* [Exercise instructions]:
Your answer must be only the lines below from the one containing "Sidamo - Disque" through the one containing "Планировка этой квартиры по данным Циан", copied exactly, with the pictures left out.

(Records provided Opens)

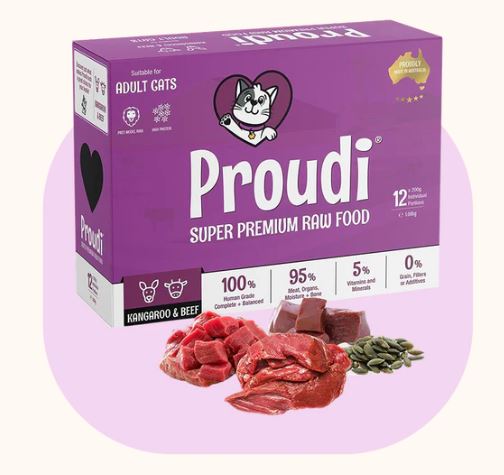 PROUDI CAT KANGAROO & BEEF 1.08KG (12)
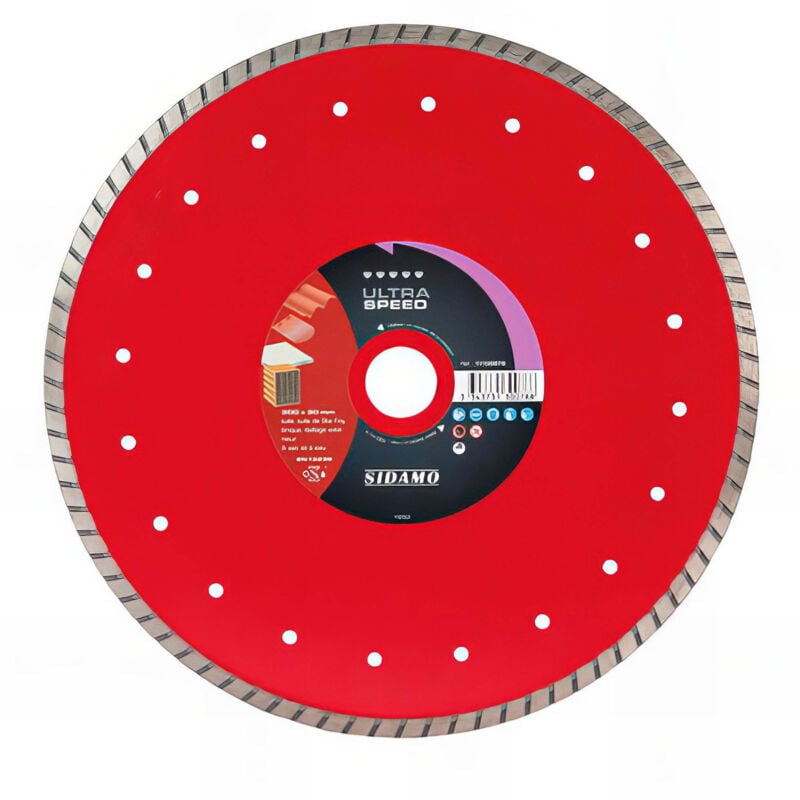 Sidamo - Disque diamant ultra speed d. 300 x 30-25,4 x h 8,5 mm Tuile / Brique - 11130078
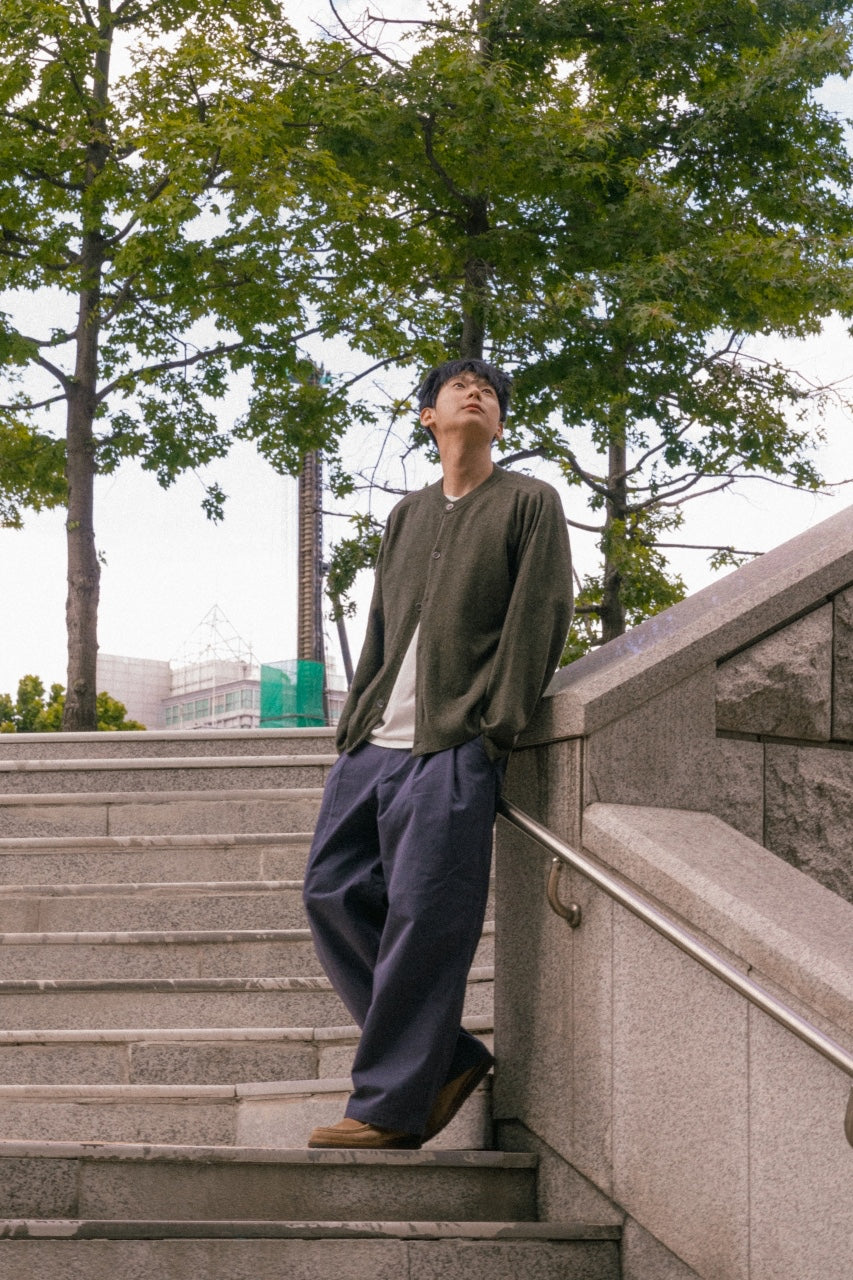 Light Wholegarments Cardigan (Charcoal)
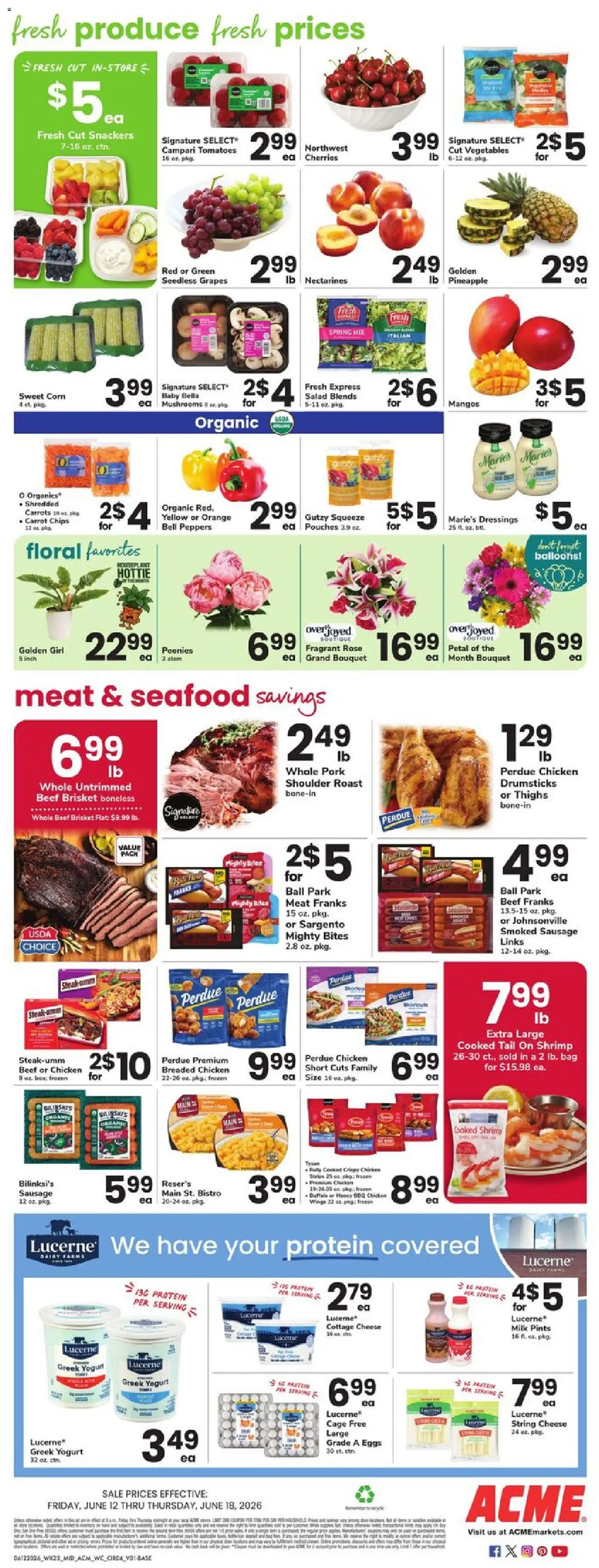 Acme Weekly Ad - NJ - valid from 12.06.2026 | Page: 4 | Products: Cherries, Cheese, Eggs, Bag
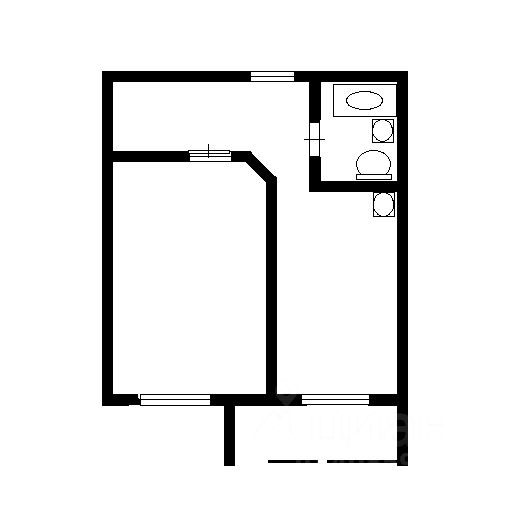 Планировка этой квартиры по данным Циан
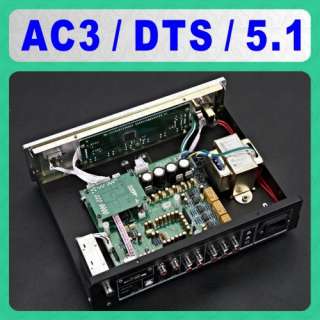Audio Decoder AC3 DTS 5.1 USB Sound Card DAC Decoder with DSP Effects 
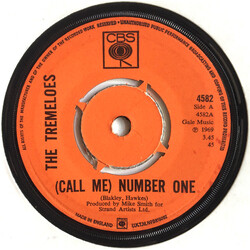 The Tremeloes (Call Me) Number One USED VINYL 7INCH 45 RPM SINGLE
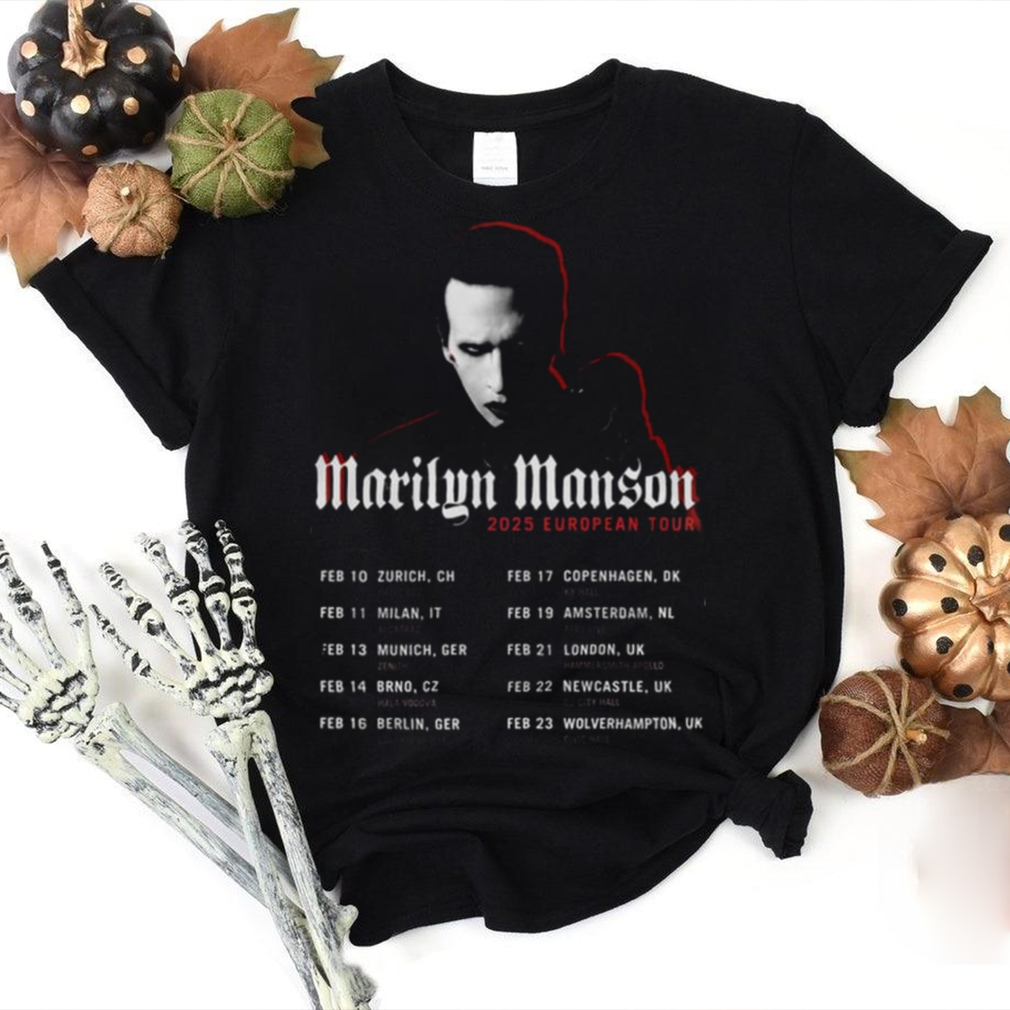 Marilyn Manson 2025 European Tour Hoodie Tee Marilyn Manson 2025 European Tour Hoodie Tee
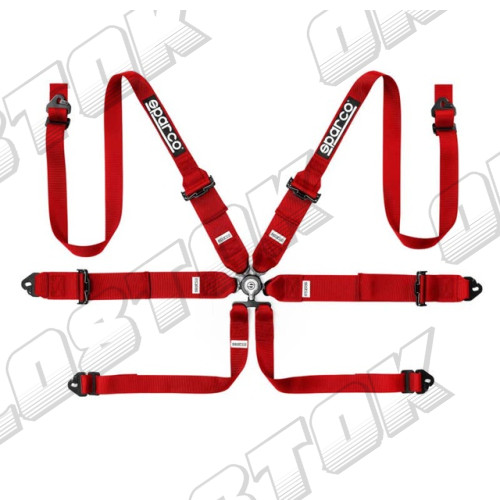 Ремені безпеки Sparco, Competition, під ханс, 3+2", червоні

(Records provided Closes)

* [Answer to the exercise]:
 Sidamo - Disque diamant ultra speed d. 300 x 30-25,4 x h 8,5 mm Tuile / Brique - 11130078
 Light Wholegarments Cardigan (Charcoal)
 Acme Weekly Ad - NJ - valid from 12.06.2026 | Page: 4 | Products: Cherries, Cheese, Eggs, Bag
 Планировка этой квартиры по данным Циан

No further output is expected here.